The Vatican will release WWII-era ‘Jewish files’ online, including unanswered pleas to the pope
Pope Francis has ordered 170 volumes of Pius XII’s archives, including thousands of requests for help from Jews, to be published digitally.

Documents on the pontificate of Pope Pius XII are seen at the Vatican Secret Archives in Vatican City, Vatican, February 27, 2020. The Vatican Apostolic Library opened the Holy See’s wartime archives on the pontificate of Pope Pius XII between the years 1939 to 1958. (Franco Origlia/Getty Images)
(JTA) — Pope Francis has ordered 170 volumes of Jewish requests for help from the Catholic Church during World War II to be published online, two years after making their physical copies available to historians.
His decision is the latest development in the Vatican’s newfound reckoning of its legacy during the Holocaust.
The correspondence contains 2,700 files specifically recounting Jewish groups and families requesting assistance from the Vatican in avoiding deportation or trying to free relatives from concentration camps, both in the run-up to and during the Holocaust.
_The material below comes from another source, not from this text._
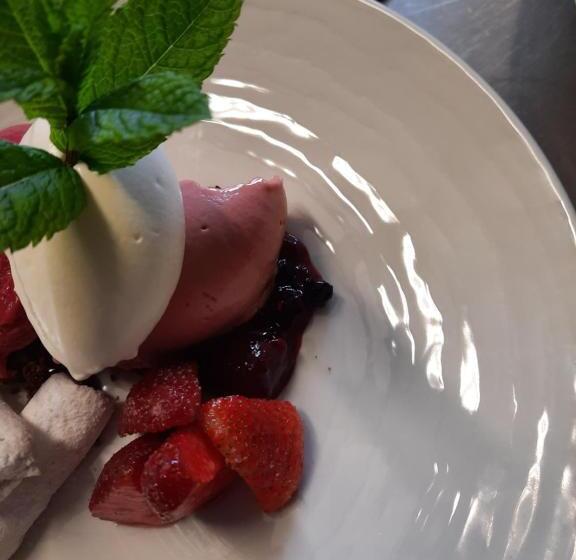 ホテル Wirtshaus Restaurant Pension Steirerland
Pope Pius XII, who served as pope during the most pivotal years of the war, is often charged by historians with ignoring Jewish pleas for help and cozying up to Hitler and Mussolini in order to preserve the influence of the Church.
The Vatican itself has long insisted that Pius XII should be celebrated for secretly advocating for Jews via diplomatic means, but that narrative is changing as more information about his papacy has been revealed to the public. The Church opened its secret files on Pius’s archives to historians in 2020, but by publishing its Jewish-related files online, it opens them up to easier access and greater scrutiny by the public.
“The Pope at War,” a new book by Pulitzer Prize-winning historian David Kertzer, the son of a rabbi, draws on these new archives to make the case that Pius largely ignored pleas from Jews (while keeping a secret back channel to Hitler). Pius did, however, concern himself with trying to save the small number of Jews who had converted to Catholicism or who were from mixed families, categories that were still considered “Jewish” under Hitler’s racial laws.
Paul Gallagher, the Vatican’s foreign minister, wrote in a church newspaper that the digital release of the files was also intended to help provide closure to the descendants of Jews who had implored the Vatican for help.